The History of the Wood Sculpture Symposium
The idea of the sculpture symposium movement was initiated by Karl Prantl in Austria in 1959 and was quickly embraced by East European artists working in isolation behind the “Iron Curtain” of the post-World War II period.
This group of artists, eager to discover art movements in the Western World, staged a number of international symposiums. However, their ideas did not fit the ideology of the communist dictatorship of the time, which enforced the condition that only Eastern Bloc countries could send sculptors to attend.
Since the fall of the Iron Curtain and the end of the Cold War in 1991, symposiums have become very popular cultural events in many European towns, especially in Eastern Europe. This is largely because the public can watch the progress of artists at work in an “open” studio situation, and can engage in dialogue with the artists.
Over the past 20 years, 19 symposiums have taken place, with more than 285 participants from 54 countries demonstrating their huge diversity of techniques and styles. Currently, one of the most popular symposiums is held in Kemijarvi, Finland.

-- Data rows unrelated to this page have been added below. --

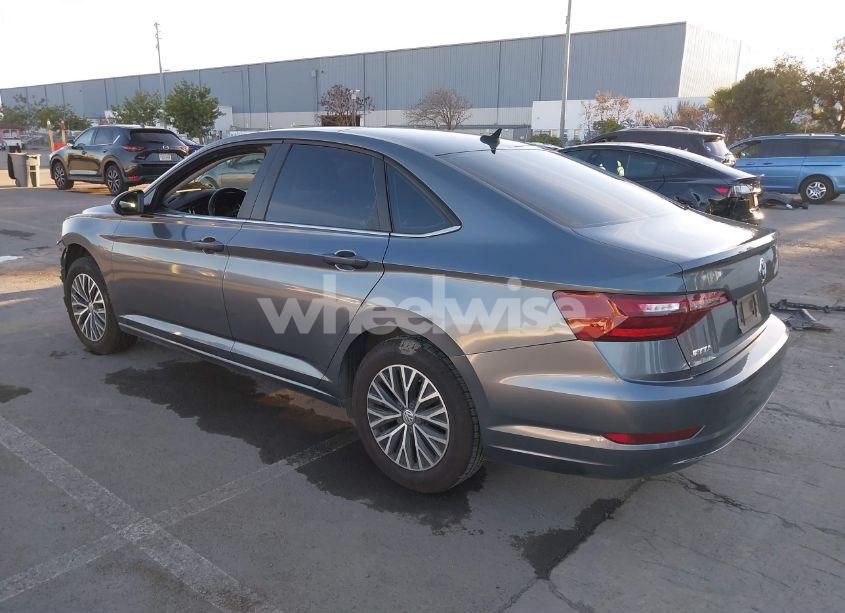 Photo 3 of 2020 Volkswagen Jetta 1.4T R-LINE/1.4T S/1.4T SE (VIN 3VWCB7BU0LM011031)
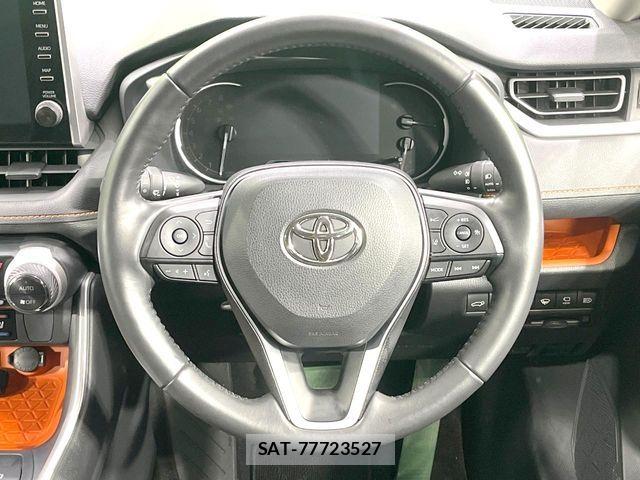 Toyota RAV4 2022-09 7224125-12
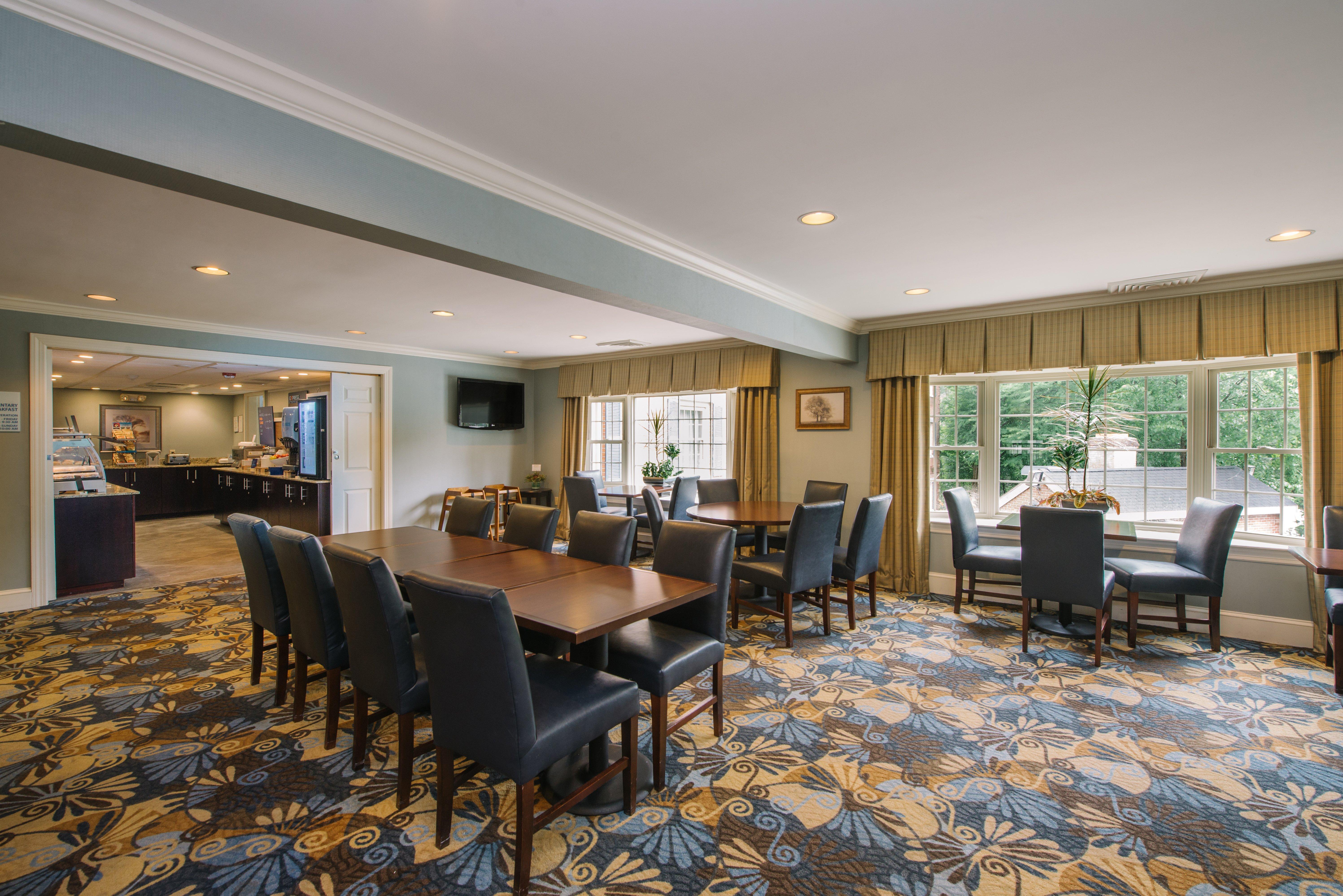 Holiday Inn Express And Suites Merrimack By Ihg Ngoại thất bức ảnh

Sculpture symposiums in Australia are a much newer tradition, with the first one being held near Gosford in 1986, followed by Tanunda in the Barossa Valley in 1988, and the Living Desert Symposium in Broken Hill in 1993. The most successful Australian event is the Adelaide Hills International Sculpture Symposium, held biennially at the estate of iconic Australian artist Hans Heysen, which attracts over 12,000 visitors.